Sehubungan obrolan soal sampah. Boleh lah sekiranya penulis nyinyir soal sampah dilingkungan kita. Siang menjelang sore ini, sembari duduk memandangi tugas akhir yang tak kunjung bikin horny. Sudut mata malah terpikat sama dua botol air mineral yang isinya masih ¾. Sejenak itu juga saya rogoh tas. Sialnya memang air bekas semalam tidak terbawa. Bersamaan dengan itu, botol lain juga menggoda dekat tas yang dibiarkan tertidur. Aih. ⅝airnya kosong, masih bersisa.
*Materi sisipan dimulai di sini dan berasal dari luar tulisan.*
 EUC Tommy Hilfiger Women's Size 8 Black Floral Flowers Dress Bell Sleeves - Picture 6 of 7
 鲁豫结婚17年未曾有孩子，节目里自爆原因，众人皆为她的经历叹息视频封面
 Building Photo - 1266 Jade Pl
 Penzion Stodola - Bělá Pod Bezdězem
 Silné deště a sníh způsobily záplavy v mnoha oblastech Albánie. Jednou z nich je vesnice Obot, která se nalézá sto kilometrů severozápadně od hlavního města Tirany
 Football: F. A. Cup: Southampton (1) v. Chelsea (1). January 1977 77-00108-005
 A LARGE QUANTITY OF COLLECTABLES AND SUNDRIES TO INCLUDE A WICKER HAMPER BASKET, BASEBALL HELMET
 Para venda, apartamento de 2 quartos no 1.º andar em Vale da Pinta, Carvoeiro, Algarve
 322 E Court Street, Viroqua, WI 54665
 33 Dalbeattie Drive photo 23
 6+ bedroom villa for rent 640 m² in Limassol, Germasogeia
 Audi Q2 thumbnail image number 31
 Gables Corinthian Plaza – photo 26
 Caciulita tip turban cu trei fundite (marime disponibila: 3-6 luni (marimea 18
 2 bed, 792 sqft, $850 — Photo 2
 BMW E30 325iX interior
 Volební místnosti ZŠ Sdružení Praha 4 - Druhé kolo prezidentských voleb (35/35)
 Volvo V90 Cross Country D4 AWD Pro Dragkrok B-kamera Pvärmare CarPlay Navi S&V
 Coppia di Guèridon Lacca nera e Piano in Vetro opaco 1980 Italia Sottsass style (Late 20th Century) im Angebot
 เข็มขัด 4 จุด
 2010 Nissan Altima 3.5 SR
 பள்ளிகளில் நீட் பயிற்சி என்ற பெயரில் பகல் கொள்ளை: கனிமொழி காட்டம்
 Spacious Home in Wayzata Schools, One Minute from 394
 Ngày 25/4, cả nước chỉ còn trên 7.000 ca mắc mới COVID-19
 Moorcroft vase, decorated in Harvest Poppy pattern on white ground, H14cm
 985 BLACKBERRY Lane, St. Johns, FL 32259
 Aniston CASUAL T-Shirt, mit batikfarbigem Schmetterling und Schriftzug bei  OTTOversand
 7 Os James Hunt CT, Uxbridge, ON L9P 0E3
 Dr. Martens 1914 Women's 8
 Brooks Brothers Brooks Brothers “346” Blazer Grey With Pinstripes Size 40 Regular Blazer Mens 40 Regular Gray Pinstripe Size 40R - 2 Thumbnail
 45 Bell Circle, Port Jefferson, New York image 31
Lalu terlemparlah memori saya ke 3 tahun kebelakang di tempat yang sama. Pagi itu hampir semua sudut tempat ngopi sudah sepi. Selain para pwgawai yang hilir mudik m3mbereskan sisa gelak tawa semalam, tinggal penulis sendiri di tempat itu. Dan di salah satu pojok, menggunduk jika tak menggunhng sampah plastik botol. Tentu ini menggelitik tanda tanya. Seberapa lama sampai botol botol ity berhimpun? Saya tanyalah salah satu pegawai. Kejutannya, gundukan seringgi penulis itu di hasilkan dalam waktu semalam. Gila. Dalam satu malam dengan area seluas lapangan bola. Apa jadinya dengan kegiatan akbar dan acara acara yang melibatkan banyak manusia?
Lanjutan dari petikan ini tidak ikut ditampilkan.